Manuel Domergue : Il n'y a quasiment aucune garantie similaire aux locataires. Quand on expulse un locataire habituel, il y a une procédure. Il faut que la police expulse la personne après une procédure en justice. Il y a des délais, certains peuvent les trouver trop longs. En tout cas, ils sont là pour protéger les locataires. Pour les étudiants, il n'y a rien du tout quasiment. Il faut passer par le tribunal administratif qui est un tribunal très particulier dans lequel la situation de l'étudiant n'est quasiment jamais vraiment étudiée. Le tribunal administratif accorde quasiment tout le temps l'expulsion avec un délai allant de zéro jour, la plupart du temps, à quinze jours. C'est très expéditif. Et ça, c'est quand la procédure est respectée.

"Il y a beaucoup de situations où les dirigeants de la résidence du Crous, mettent la pression au locataire, parfois appelle ses parents, coupe l’électricité, démagnétisent les badges ou changent les serrures, en dehors de toute règle de procédure."

Manuel Domergue, directeur des études à la fondation Abbé Pierre

à franceinfo

Les étudiants locataires ne connaissent pas tellement leurs droits, ils sont un peu intimidés. Souvent, il y a assez peu de recours ou de protection.

Ces expulsions concernent combien d'étudiants ?

C'est difficile à dire. Il y a très peu de chiffres. On a réussi à collecter 221 situations de procédure devant le tribunal administratif demandant l'expulsion des étudiants. C'est sans doute une toute petite partie de la réalité. C'est d'ailleurs dommage qu'on ne puisse pas connaître le nombre d'expulsions locatives dans les Crous. Ça veut dire que déjà, ce n’est pas un sujet qui est traité sérieusement à la fois par la justice et par les Crous.

Pourquoi sont-ils expulsés ?

Il y a un impératif un peu gestionnaire qui pèse sur les Crous.

"Ils doivent chaque année avoir un turn-over de 60% pour faire la place à d'autres étudiants."

Manuel Domergue

à franceinfo

Cette pénurie de logements étudiants fait qu’il faut rapidement faire tourner les étudiants. Dès que vous avez un impayé, forcément, vous êtes un peu mis dehors assez rapidement. La première raison, c'est les impayés de loyers. On sait qu'il y a une grande précarité parmi les étudiants. Vous n'êtes pas vraiment chez vous dans une cité universitaire. Si vous hébergez quelqu'un chez vous, par exemple, dans votre chambre universitaire, vous pouvez être expulsé. Ce n’est pas des choses très graves. Si vous organisez des soirées, s’il y a de la consommation de drogues, ça peut être aussi des motifs d'expulsion. Il y a aussi parfois des étudiants qui voient leur carrière universitaire un peu brisée pour des faits qui ne sont pas des faits graves. Héberger un ami, sa mère pour des raisons de nécessité. Évidemment, ce n'est pas autorisé, mais ce n’est quand même pas très grave. Perdre son logement étudiant souvent, ça veut dire se retrouver sans solution, retourner chez ses parents parfois qui habitent très loin, donc arrêter la fac ou prendre un emploi à temps plein pour se payer une chambre de bonne dans le parc locatif privé qui est beaucoup plus cher que les cités U.

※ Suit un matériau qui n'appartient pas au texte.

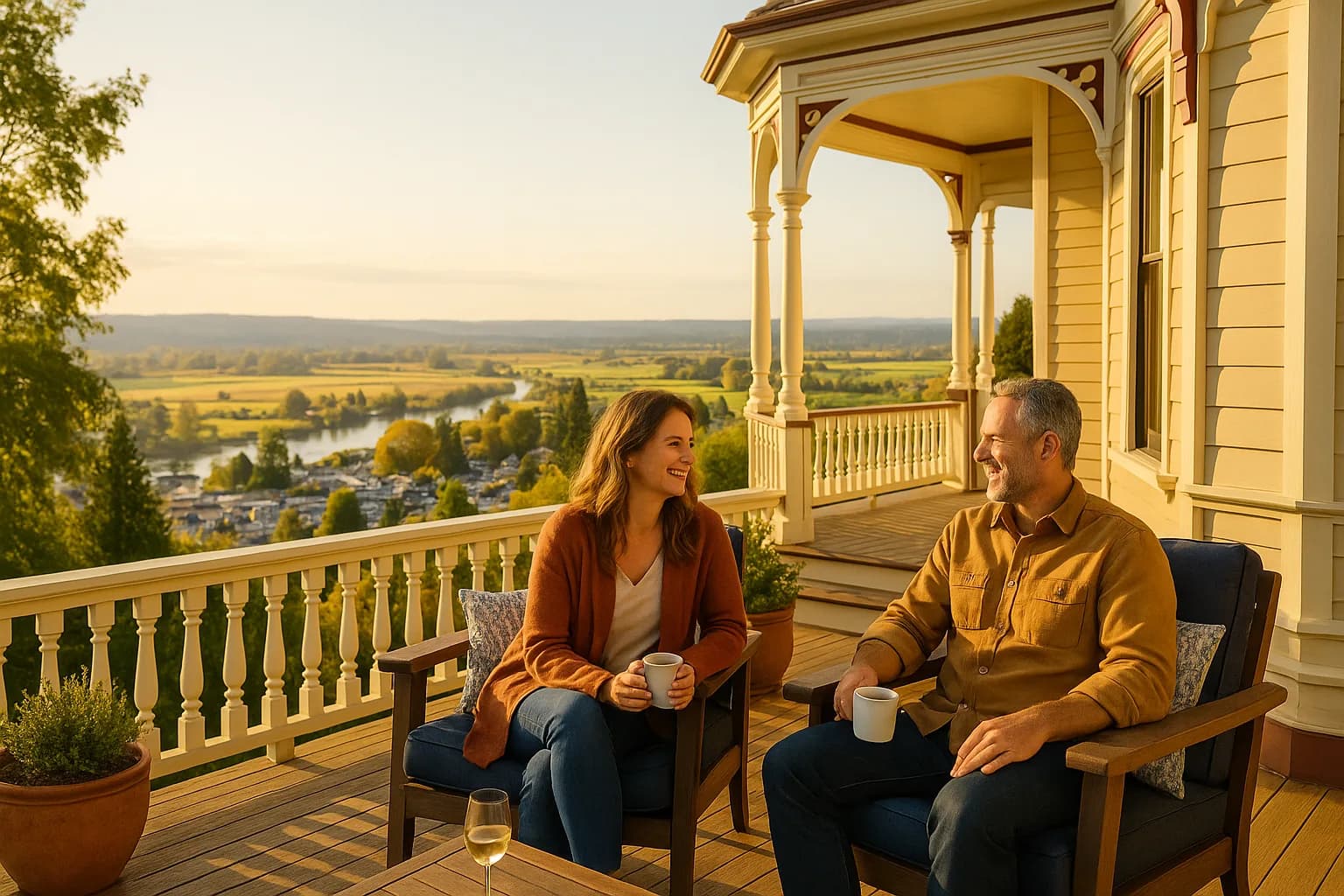 Couple on a Snohomish Victorian porch above the river valley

C’est aussi le résultat d’une crise du logement criante ?

C'est le symptôme d'une grande pénurie de logements étudiants. On a de plus en plus d'étudiants. On est maintenant à 3 millions d'étudiants et cette massification n’a pas été suivie du tout d'une augmentation forte du nombre de logements étudiants. Il y a même une baisse de la production depuis quelques années. Il faut un plan massif de logements Crous pour les étudiants. On défend le logement Crous. C'est très important. C'est très adapté à la vie étudiante, ce n’est pas très cher, donc c'est très bien. Il faut aussi un plan massif de production de logements en général, parce que si on a autant besoin des logements en cité U, c'est parce qu'il manque des logements en général. Il faut relancer la production de logements et notamment de petits logements dans les zones tendues. C'est là que le segment est le plus tendu et c'est là que tous les étudiants supplémentaires, chaque année, arrivent dans les villes universitaires. Et puis, il faut faire bénéficier les locataires de cités U des mêmes protections que les autres locataires, en foyer de jeunes travailleurs, dans des logements standards, dans les HLM, parce que c'est important de protéger les étudiants.